1. AI is no longer your “helper” – it’s an operator.

Kubernetes already had “operators” as a concept. Now AI wants that job title too.

A lot of demos looked roughly like this flow:

Something looks off (error rate spikes, queue backlog grows).
An AI agent correlates signals across logs, metrics, traces, config, Git, and change history.
It proposes actions:
- “Roll back deployment checkout-service from v42 → v41”
- “Drain node k8s-gpu-17 and reschedule pods; suspected hardware issue”
- “Reduce traffic to canary by 50%; SLO burn rate > threshold”
Depending on policy:
- It either executes directly, or
- Opens an incident, posts in Slack, and waits for a human :thumbsup:.

The keyword there is policy.

The new job: design guardrails, not just runbooks.

SREs used to write runbooks like:

“If 5xx > 5% for 5 minutes, try rolling back the last deployment.”

Now the work looks more like:

# ai-change-policy.yaml
service: checkout
allowed_actions:
  - type: rollback
    max_versions_back: 1
    require_approval: true
    approvers:
      - team: checkout-oncall
  - type: scale
    min_replicas: 3
    max_replicas: 50
    require_approval: false
safety_checks:
  - name: must_not_reduce_availability_below
    slo: checkout-availability
    threshold: 99.0
logging:
  audit: true
  incident_tag: "ai-initiated-change"

‍Instead of telling a human how to fix things line-by-line, you’re telling an AI operator what it’s allowed to touch and under which conditions.

What this means for reliability

You’ll see fewer “human fat-fingered prod” incidents and more “agent did something dumb” incidents.
The difference between “magic” and “chaos gremlin” is your policy design.
Incident timelines now need to include: “At 02:13, AI operator “orca-ops” rolled back checkout from v42 → v41.”

This is exactly where Rootly-style audit trails, incident timelines, and approval flows become non-negotiable. If a robot is going to touch prod, you’d better be able to answer “who did what and why?” in under 10 seconds.

2. Platform engineering is now AI-native and reliability-first.

Once again, KubeCon was full of platform engineering stories. The change this year: those platforms are being rebuilt around AI workloads and reliability, not just “make devs happy.”

The emerging pattern:

Internal platform exposes:
- Golden paths (templates, pipelines, environments).
- Opinionated configuration for Kubernetes, networking, and storage.
- Built-in SLOs, alerting, and incident hooks.
On top of that:
- AI agents act as operators and copilots for the platform.
- Teams ship apps by following paved roads, not reinventing Helm every quarter.

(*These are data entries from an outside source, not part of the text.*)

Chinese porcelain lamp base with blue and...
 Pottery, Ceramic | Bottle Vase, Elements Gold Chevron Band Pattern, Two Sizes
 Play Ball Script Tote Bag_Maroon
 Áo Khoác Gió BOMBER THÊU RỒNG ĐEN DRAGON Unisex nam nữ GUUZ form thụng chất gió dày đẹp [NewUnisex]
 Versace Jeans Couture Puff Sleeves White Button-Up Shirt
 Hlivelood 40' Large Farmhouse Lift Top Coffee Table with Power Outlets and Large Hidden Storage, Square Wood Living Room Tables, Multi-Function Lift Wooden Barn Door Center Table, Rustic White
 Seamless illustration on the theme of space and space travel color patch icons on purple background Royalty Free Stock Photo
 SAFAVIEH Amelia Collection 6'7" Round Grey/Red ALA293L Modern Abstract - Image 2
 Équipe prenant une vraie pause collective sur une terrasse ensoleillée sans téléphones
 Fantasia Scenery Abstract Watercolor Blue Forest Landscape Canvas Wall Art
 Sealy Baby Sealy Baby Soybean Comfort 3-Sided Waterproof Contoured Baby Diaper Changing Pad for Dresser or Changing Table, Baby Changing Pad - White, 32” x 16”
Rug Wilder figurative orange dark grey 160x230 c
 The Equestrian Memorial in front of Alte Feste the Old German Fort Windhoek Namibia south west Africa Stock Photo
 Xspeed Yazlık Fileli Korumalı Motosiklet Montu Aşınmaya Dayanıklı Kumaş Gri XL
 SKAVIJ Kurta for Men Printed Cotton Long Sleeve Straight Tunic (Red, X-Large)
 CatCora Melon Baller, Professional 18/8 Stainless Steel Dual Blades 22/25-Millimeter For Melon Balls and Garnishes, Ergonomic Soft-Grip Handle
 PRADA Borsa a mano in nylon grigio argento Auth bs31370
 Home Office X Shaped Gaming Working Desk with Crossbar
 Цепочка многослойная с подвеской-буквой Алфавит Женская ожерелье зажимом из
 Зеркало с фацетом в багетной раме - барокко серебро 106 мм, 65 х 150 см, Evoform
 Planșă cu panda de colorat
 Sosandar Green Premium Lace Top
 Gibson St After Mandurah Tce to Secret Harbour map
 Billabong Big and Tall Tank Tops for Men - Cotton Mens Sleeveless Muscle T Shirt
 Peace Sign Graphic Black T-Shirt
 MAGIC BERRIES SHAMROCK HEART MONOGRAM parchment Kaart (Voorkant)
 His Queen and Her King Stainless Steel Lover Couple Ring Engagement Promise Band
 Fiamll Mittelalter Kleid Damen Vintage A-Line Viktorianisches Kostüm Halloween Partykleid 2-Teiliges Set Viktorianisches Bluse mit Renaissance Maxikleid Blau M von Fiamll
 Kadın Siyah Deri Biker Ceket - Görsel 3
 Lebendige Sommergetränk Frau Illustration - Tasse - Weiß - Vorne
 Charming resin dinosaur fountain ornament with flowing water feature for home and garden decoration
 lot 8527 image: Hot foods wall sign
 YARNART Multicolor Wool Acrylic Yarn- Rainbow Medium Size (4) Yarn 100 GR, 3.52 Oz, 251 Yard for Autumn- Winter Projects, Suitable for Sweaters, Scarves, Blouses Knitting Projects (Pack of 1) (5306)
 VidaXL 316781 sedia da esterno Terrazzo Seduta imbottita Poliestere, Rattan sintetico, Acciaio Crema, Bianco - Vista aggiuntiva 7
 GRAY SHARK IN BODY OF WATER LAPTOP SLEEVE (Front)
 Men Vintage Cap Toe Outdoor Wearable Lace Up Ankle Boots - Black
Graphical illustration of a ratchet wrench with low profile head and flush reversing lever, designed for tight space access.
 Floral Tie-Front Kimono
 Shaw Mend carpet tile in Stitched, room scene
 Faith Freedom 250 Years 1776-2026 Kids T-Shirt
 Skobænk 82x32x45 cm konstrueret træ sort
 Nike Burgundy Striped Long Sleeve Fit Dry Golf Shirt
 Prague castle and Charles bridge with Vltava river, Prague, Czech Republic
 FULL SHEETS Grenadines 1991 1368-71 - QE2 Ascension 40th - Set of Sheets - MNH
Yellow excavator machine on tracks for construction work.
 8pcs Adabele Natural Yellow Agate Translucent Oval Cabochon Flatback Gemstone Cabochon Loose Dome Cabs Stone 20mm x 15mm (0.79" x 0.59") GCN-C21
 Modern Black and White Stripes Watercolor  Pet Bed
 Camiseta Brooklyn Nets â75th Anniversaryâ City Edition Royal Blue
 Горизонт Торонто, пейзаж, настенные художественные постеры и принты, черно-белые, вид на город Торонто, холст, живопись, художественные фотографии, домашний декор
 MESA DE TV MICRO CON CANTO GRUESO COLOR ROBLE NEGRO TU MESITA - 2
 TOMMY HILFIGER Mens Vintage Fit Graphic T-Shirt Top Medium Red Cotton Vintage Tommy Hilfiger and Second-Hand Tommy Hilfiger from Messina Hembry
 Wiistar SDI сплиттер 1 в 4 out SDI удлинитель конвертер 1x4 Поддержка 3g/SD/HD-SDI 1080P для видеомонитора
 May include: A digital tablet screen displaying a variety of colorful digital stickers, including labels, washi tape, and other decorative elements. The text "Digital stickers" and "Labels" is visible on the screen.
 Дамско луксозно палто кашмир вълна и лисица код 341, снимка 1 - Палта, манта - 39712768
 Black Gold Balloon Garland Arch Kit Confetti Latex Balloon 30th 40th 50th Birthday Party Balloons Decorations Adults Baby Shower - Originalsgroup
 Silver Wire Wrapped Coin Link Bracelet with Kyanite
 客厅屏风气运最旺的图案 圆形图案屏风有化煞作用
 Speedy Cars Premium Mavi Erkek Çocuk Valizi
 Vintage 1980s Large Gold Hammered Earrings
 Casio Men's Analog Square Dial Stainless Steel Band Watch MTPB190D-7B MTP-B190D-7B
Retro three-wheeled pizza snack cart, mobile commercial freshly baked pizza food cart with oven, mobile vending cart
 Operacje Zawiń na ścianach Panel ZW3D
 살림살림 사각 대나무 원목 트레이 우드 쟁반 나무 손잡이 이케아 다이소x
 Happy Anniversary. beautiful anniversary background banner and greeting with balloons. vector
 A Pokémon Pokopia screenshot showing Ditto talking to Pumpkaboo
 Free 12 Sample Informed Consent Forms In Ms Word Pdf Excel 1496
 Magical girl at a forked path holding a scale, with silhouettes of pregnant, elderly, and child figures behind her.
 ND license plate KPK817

Reliability as a platform feature, not a dashboard.

Historically, SLOs lived in Prometheus/Grafana and incidents lived in a random Notion folder. Now teams are wiring them directly into the platform API.

For example, instead of:

“Oh, we should probably define SLOs for this service someday.”

You get:

# service.yaml
name: checkout
owner: team-checkout
runtime: "kubernetes"
slo:
  availability:
    objective: 99.9
    window: "30d"
    alert_policies:
      - type: burn_rate
        fast_burn: "1h > 14d"
        slow_burn: "6h > 30d"
incident:
  channel: "#incidents-checkout"
  runbook: "https://runbooks.internal/checkout"
  severity_mapping:
    - condition: "slo_breach"
      severity: "SEV-2"

‍‍Now when you spin up a service, you must define:

An owner
SLOs
Where incidents go
Which runbook to use

No SLO? No owner? No deploy.

What this means for reliability

Reliability becomes a product of the platform, not heroics by a single SRE.
AI operators and incident tools (like Rootly) can call standardized APIs instead of dealing with snowflake services.
Multi-tenant teams get consistency: same severity levels, same workflow, same automation patterns.

3. Observability is turning into an AI decision engine, not a dashboard showroom.

“Chat with your logs” is cute. “Let AI drive your incident response using everything observability knows” is useful.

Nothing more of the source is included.